She sat on the couch, across the way from him, the open sheet of paper dangling in his hand. The letterhead on the paper said, “Chicago Northwest Medical University,” the address block: “Adam Mohr, M.D., Ph.D., Distinguished Professor of Experimental Oncology.”
“I can’t understand it,” the woman was saying. “They actively campaigned—for over a year—to get you here. They just can’t fire you!”
“Oh yes they can!” His eyes scanned the computer-written page once again, as the woman had before him. “Dear Dr. Mohr,” the page had cryptically read, “the Division of Experimental Studies, which you chair, by action of the Trustees, has been abolished commencing immediately. We regretfully have to ask your departure from your post at your earliest convenience, in that the funding for the Division’s activities has terminated. The faculty joins me in wishing you bonne chance in your search for a new position.” It was signed by Jerry Bernard Henry, Dean.

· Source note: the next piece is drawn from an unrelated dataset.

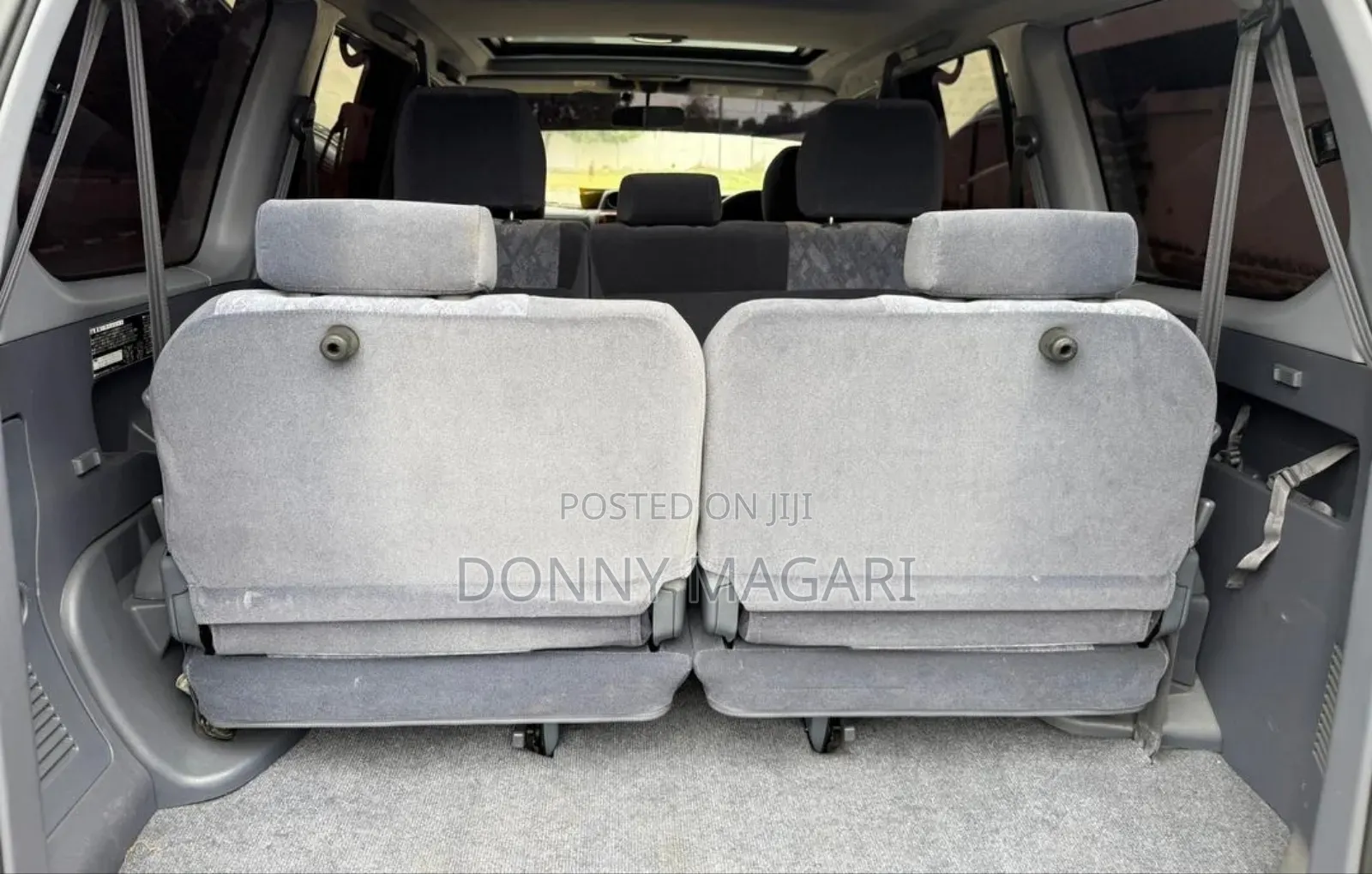 Toyota Land Cruiser Prado 2002 Silver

“I don’t have tenure here,” he said to his wife. “I was hired ‘at the behest’ of the Chancellor, like so many of the main people here at the university. And I can be fired the same way…but why?

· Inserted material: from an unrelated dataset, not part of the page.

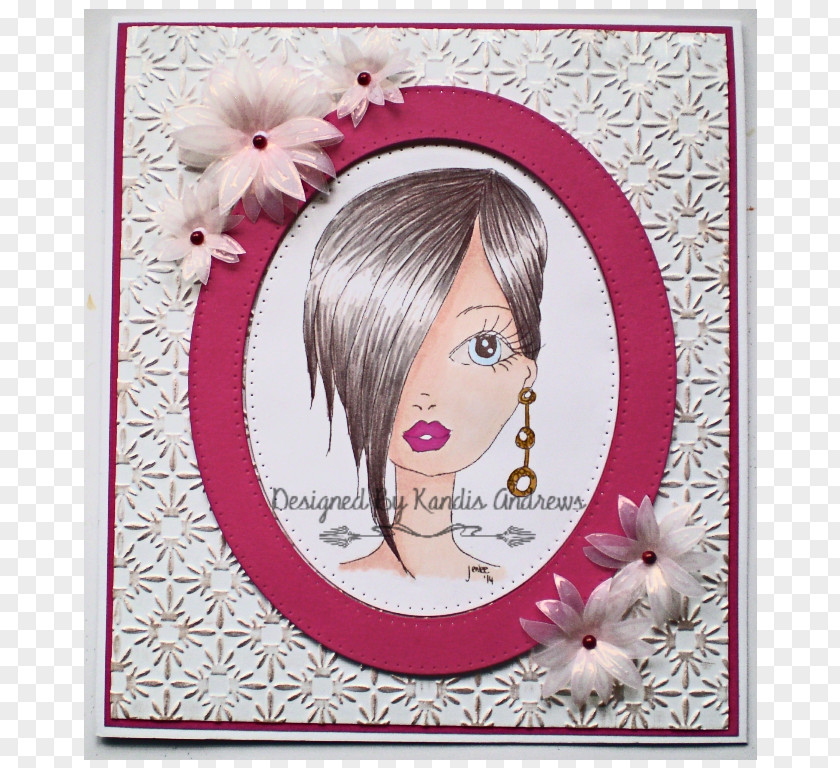 Flower Picture Frames Cheek Pattern PNG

“I don’t know…” he answered his own question. A look of sudden introspection came over him. He let his mind go to about three weeks previously. It was on the blueberry lincture study. They were accruing 57 patients in the 400-patient nationwide study sponsored by Outrageous and under the protocols of Creme-Cone. They were non-small cell lung cancer—NSCLC—patients. He had reviewed all their charts and noticed that a sub-group of early patients—23 in all—were beginning to do well until they were placed on thiotonizone—‘Tony.’ Hey, wait a minute! an inner voice reminded. Wasn’t blueberry lincture a triethylamine reductase—TEAR—inhibitor and wasn’t ‘Tony’ incompatible with that? He pulled those 23 patients off ‘Tony’ right away and they once again began to improve.
About three days later he was asked to see Dean Henry.
“Adam,” Jerry Henry had expressed, “do you have any idea why I’ve asked you to drop by?”
“No.”
“It’s that we’ve gone off protocol on part of the blueberry lincture study. By your doings. Creme-Cone and Outrageous have heard about it and they’re raising hell! To our Chancellor and Trustees. They know why you changed the protocol—you think blueberry lincture is a TEAR inhibitor and they want you to restore the protocol—to follow the original protocol as stated—with no changes!”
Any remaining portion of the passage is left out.